» **The problem**:
A single number is the whole answer: the count of lines in these entries that hold "about".

» **Available records**:
───
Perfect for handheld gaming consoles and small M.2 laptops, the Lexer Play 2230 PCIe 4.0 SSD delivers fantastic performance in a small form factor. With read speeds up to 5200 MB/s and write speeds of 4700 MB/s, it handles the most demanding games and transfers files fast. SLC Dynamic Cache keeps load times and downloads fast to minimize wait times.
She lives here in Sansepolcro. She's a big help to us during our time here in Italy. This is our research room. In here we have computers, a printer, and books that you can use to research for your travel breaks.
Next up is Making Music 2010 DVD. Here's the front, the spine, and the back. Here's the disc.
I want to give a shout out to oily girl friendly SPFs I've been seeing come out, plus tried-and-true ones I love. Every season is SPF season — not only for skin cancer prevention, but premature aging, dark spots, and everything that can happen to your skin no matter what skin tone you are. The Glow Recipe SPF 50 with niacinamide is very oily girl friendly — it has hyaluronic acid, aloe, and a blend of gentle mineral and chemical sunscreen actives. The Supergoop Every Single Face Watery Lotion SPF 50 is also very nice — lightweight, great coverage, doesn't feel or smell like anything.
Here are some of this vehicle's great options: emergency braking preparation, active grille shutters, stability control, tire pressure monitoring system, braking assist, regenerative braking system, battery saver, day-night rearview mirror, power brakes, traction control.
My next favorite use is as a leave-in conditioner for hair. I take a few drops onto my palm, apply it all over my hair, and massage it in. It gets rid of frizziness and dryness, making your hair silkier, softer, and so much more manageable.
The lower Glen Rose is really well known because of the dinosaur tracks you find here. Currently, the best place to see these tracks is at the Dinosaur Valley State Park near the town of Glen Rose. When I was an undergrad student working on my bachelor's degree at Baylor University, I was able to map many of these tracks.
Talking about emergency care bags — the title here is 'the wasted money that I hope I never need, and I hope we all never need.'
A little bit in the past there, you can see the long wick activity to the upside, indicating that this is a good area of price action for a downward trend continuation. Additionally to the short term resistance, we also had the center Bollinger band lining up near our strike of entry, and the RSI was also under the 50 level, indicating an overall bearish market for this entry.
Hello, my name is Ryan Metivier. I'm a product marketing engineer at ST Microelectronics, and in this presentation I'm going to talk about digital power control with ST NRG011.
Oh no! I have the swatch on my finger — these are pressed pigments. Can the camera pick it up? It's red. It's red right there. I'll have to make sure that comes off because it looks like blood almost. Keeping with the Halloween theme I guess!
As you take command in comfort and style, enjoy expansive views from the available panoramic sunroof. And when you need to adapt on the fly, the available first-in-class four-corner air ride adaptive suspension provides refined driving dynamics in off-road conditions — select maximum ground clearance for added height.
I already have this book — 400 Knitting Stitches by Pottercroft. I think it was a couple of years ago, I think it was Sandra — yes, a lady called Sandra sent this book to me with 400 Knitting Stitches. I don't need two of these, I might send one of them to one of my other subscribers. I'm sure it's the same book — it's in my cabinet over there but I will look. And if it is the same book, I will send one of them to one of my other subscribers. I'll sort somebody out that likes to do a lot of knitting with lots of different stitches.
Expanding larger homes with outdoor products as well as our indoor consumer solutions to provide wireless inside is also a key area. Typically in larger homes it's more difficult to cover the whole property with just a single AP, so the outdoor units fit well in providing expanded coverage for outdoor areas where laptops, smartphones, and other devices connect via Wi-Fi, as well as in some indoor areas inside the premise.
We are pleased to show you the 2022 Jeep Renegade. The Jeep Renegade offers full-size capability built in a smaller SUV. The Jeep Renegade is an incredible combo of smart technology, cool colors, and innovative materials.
───
» **Result of this exercise**:
2